Projects like the National Institute of Diabetes Digestive and Kidney Diseases (NIDDK) Kidney Precision Medicine Project in the United States and BEAT-DKD (www.beat-dkd.eu) in Europe/United States are aiming to link pathophysiological understanding of underlying and individualized disease mechanisms to prediction and intervention, and may be able to identify links between tissue data from biopsies including histology and transcriptomic analyses to biomarkers identified in urine or perhaps blood, using metabolomic or proteomic methods and potentially linking this to genetic data and clinical characteristics for a personalized profile allowing target intervention with minimal side effects and optimal outcome;35 however to what extent multiomics markers will add in clinical care to single omics markers or combinations of even single clinical markers still remains to be documented within CKD although the many initiatives are promising. A systems biology approach, combining multiomics information, has been suggested as the way forward to better combine and understand information provided by the molecular biomarkers at different stages of disease as well as providing the platform for design of individualized treatment. Mulder et al.36 provide an in-depth overview of an approach trying to integrate data from different candidate markers to be used for prediction of both risk and treatment response.

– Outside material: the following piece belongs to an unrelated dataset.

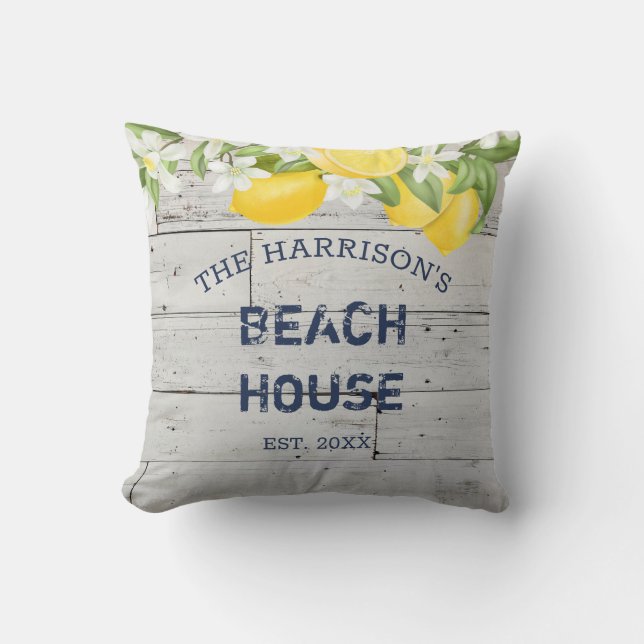 Rustic Lemons Family Name Porch  Throw Pillow (Front)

Taken together, after initial discovery stages, the area of urinary proteomics is currently undergoing strong and promising developments. Expecting continuing dedicated research efforts, the next stages will provide the necessary lessons needed before implementation in clinical practice can begin. This will depend on the results of the PRIORITY study and additional prospective clinical studies as well as a further detailed understanding of CKD pathology based on collected data. The day may soon come were kidney biopsies are abandoned and treatment is tailored based on urinary proteomic patterns.
Acknowledgements
The authors acknowledge support from the Novo Nordisk Foundation grant NNF14OC0013659 “PROTON Personalizing treatment of diabetic nephropathy” and the European Union Seventh Framework Programme (FP7/2007–2013) under grant agreement no. 279277 (PRIORITY).
Conflict of Interest
F.P. reports having received research grants from AstraZeneca, Novo Nordisk, and Novartis; and lecture fees from Novartis, Eli Lilly, MSD, AstraZeneca, Sanofi, MSD, Novo Nordisk, and Boehringer Ingelheim; and having served as a consultant for Astra Zeneca, Bayer, Amgen, Novo Nordisk, and MSD. P.R. reports having given lectures for Astra Zeneca, Bayer, and Boehringer Ingelheim; and has served as a consultant for AbbVie, Astra Zeneca, Bayer, Eli Lilly, Boehringer Ingelheim, Astellas, Janssen, and Novo Nordisk, with all fees paid to Steno Diabetes Center Copenhagen, and has equity interest in Novo Nordisk.